Also, highly relevant to lung functions are the components of the innate immune response, which are challenging to study in the fetus prior to birth (Feyaerts et al. 2022). We examined two genes that are representative of these processes: WAP four-disulphide core domain 2 (WFDC2), the lung epithelial cell protease inhibitor that has a predicted role in lung surface liquid and innate immunity (Bingle et al. 2006), and the antimicrobial/defense response protein BPI fold containing family A member 1 (BPIFA1) (Bingle and Craven 2002). In both the proximal and distal lungs for both WT and CFTR−/− animals, WFDC2 is expressed at low abundance prior to 120-day gestation when it increases through to term (Fig. 5A, B). There is no consistent difference in expression levels between the genotypes. In both the proximal and distal lungs, BPIFA1 expression was undetectable at most time points before birth in both genotypes (data not shown).
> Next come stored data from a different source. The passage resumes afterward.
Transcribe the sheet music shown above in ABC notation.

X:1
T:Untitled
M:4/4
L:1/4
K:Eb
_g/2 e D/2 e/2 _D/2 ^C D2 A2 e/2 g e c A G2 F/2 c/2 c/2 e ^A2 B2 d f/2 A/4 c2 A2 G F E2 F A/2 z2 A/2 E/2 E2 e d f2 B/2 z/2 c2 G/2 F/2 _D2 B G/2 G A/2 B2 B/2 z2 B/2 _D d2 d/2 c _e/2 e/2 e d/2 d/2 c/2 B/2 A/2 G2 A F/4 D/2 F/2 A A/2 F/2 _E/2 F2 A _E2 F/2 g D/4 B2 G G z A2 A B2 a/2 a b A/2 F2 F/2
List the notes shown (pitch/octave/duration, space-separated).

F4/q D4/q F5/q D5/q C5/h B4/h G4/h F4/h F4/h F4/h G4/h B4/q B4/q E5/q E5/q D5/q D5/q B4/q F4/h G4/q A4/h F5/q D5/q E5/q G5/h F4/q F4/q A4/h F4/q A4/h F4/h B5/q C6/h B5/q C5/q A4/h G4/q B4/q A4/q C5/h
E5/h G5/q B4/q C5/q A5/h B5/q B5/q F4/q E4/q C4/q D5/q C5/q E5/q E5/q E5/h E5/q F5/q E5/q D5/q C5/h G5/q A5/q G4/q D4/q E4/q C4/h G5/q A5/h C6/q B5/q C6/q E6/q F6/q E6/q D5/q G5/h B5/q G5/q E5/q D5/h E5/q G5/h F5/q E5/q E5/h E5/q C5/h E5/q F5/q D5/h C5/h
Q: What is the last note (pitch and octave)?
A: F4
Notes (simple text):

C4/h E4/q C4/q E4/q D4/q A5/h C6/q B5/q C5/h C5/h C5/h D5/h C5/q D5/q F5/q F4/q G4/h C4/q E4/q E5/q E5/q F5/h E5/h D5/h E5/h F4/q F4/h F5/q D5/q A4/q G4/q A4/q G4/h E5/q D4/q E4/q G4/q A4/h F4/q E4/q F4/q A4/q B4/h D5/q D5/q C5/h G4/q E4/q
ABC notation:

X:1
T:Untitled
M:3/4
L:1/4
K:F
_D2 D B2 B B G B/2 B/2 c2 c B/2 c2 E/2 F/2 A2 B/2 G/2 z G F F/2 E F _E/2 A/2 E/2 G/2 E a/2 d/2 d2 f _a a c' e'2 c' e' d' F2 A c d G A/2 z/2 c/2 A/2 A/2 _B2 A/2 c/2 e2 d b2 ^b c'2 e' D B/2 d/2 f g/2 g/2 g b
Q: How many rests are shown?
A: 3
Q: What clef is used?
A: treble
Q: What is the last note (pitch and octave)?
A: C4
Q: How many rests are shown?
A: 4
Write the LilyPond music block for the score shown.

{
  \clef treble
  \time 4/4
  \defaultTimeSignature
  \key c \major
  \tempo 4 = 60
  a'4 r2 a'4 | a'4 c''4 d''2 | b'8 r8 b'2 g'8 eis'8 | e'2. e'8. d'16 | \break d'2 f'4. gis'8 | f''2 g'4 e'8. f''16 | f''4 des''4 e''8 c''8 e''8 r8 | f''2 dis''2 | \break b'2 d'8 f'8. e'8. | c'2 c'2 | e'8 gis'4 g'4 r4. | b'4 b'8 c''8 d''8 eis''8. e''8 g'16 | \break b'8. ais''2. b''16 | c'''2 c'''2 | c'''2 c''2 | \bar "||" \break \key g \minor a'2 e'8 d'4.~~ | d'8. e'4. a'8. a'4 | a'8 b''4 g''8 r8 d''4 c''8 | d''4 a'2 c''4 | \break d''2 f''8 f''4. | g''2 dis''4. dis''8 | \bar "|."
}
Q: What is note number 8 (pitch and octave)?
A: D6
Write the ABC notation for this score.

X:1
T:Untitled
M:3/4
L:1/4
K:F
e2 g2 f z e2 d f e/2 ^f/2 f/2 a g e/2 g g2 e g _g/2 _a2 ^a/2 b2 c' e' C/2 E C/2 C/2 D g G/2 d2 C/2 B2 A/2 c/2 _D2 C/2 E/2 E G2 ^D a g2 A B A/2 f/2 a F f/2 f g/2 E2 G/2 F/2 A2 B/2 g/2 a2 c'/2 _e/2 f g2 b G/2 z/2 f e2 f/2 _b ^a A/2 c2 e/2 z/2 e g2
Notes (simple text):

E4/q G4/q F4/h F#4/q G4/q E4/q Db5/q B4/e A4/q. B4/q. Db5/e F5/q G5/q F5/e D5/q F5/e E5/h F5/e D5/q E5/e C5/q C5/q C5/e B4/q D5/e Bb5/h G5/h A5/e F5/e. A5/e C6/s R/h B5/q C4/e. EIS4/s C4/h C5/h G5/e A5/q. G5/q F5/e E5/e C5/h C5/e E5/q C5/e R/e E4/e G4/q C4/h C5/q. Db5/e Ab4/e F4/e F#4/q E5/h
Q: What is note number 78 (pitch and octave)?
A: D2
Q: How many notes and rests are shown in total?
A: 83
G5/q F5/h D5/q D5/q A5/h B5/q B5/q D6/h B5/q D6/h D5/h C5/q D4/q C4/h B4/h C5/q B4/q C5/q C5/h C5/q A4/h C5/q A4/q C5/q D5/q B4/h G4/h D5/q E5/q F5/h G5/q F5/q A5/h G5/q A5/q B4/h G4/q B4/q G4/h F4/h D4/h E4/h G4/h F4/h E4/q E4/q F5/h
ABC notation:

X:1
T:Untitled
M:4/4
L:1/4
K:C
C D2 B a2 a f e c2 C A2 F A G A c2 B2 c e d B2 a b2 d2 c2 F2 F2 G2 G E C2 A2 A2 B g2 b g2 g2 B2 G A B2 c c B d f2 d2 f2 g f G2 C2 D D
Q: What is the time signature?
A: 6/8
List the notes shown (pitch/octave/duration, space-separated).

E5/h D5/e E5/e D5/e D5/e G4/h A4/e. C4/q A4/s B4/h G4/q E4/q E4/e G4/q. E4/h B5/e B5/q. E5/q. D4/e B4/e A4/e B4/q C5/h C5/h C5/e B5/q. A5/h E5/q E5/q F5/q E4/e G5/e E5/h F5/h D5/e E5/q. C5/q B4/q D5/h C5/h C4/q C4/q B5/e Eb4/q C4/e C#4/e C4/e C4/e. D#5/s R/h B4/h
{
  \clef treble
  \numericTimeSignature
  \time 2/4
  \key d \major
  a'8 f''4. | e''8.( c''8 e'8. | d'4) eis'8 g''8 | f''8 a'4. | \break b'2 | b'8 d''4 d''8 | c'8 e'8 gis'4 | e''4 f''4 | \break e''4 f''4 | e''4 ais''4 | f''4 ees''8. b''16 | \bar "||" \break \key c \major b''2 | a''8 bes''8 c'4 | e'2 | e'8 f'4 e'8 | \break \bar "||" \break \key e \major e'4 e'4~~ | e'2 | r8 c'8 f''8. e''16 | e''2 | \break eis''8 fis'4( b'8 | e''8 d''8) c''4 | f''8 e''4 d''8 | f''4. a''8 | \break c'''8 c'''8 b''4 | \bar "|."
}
Lastly, we assayed the genes encoding surfactant proteins/secretoglobins (SFTPA1, SFTPB, and SCGB3A2) (Fig. 5C–F). SFTPA1 was expressed at low abundance prior to 80 days in the proximal lung of both genotypes, but by 100 days an ~ 100-fold increase in transcript abundance compared to 65 days was seen in both genotypes, which further increased to more than 1000-fold by 120 days before rising more moderately to term. In contrast, SFTPB levels rose more gradually through to term in both WT and CFTR−/− animals (Table S1). In the distal lung, the profile of SFTPA1 expression was very similar to that seen in the proximal lung but SFTPB expression increased more gradually through gestation in animals of both genotypes, with a large increase close to term. The abundance of SCGB3A2 transcripts in proximal and distal lung increased > 200- and > 20-fold respectively, between 65 and 120 days of gestation, with higher levels at term particularly in the distal lung, but variation between individuals at each time point made these data difficult to interpret (data not shown). For comparison in these studies, we assayed the expression of a lung epithelial integrity protein (tight junction protein 1, TJP1), which as expected did not alter significantly through gestation in proximal or distal lung irrespective of genotype (Fig. 5G, H).
Expression of the cystic fibrosis transmembrane conductance regulator gene through gestation
Of particular interest, in the light of our earlier work on the developmental expression of the cystic fibrosis transmembrane conductance regulator (CFTR)(Broackes-Carter et al. 2002), in which the transcript was assayed solely by RT-qPCR, was the expression profile of the gene in the RNA-seq data from WT and CFTR −/− animals. We observed that the profiles of normalized read counts were similar between proximal and distal lung in both WT and CFTR−/− animals, with highest expression levels at 80-day gestation followed by a rapid decline across 100 and 120 days at which point levels were similar to those in the term lung (Fig. 6). These data closely replicate our earlier findings in WT animals of a different sheep breed (Broackes-Carter et al. 2002). Of note, the abundance of CFTR transcripts assayed by RNA-seq in the proximal and distal lung of CFTR−/− animals was consistently lower than in the WT animals (Fig. 6A), possibly due to nonsense-mediated decay (NMD) of the CFTR−/− transcript, which contains a frameshift mutation in exon 2 (Fan et al. 2018).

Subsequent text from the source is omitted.